When I became a mother, I wish someone told me that families have seasons. I should have figured this out early on, but when my first child arrived it threw me headfirst into a sea of hormones and breast milk and sleep-deprivation–the likes of which no one understands unless they are also a mother or a prisoner of war. Once I found myself able to tread water and to think the occasional coherent thought, I decided to dive deep again. And just like that I jumped right back into baby-ing, this time with a pre-schooler, then two in tow.
After my third child started pre-school, and treading water became the norm, it occurred to me that the baby season was well and truly over. I could breathe again. Maybe you are here too. In this new season, we can trust our weight to stay the same (ish) and our nights to follow a predictable pattern and our boobs to never grow back. We can trust ourselves to feel fully human. Only this human, this new version of us, feels so entirely different from the person we were pre-parenthood, we must get to know ourselves all over again. We also have to get to know this new version of our family–the one where little people leave the house and sit under the influence of teachers and girls who gossip and boys who teach others how to fart with their armpit.
When I became a mother, I wish someone had told me that families have seasons, and I will have to change and grow with them. I will have to rediscover who my family is in each new season. No relationship is static, and the shape of our families will change and so will our role in it. This is good and healthy and terribly hard when we realize our children don’t need the mother they had yesterday. They need today’s mama, a new version of us who emerges as we adjust to a more grown-up version of them.
I’ve spent time in the choppy waters of transitional seasons too, where some members of our family grow in a new direction and others have a few years of the same-old, same-old to go.
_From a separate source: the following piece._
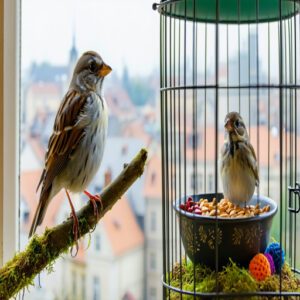 Sparrow Lifespan in Captivity Vs. Wild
Here, the water treading sometimes stops for an impromptu walk on the beach (savor these moments) or more likely, for one long breathless dive. These are the trickiest to manage, and here we may find ourselves reaching for a life-preserver when seasons collide. The current pulls us in opposite directions when we try to manage the inevitable conflict of interest between one child’s needs vs the other’s vs our own.
When I became a mother, I wish someone told me that families have seasons, and that each season will build on the last. Those sleepless nights? Good practice for the high school years when parties and late nights and teen drivers keep you awake well past your geriatric bed time. Those hormones? Good practice for remembering how they make you feel slightly off-balanced and crazy–kind of like your kid when he hits puberty. Those hours of quiet during the school years? Good practice for you to embrace the quiet as sustenance for the after-hours, when all is loud and chaotic and busy.
When I became a mother, I wish someone sat me down and told me that families have seasons, and you reap every sleepless night, whispered prayer, disciplinary action, mac and cheese meal, hug, listening ear, chauffeur duty, sacrifice, and ounce of mama love that you sow.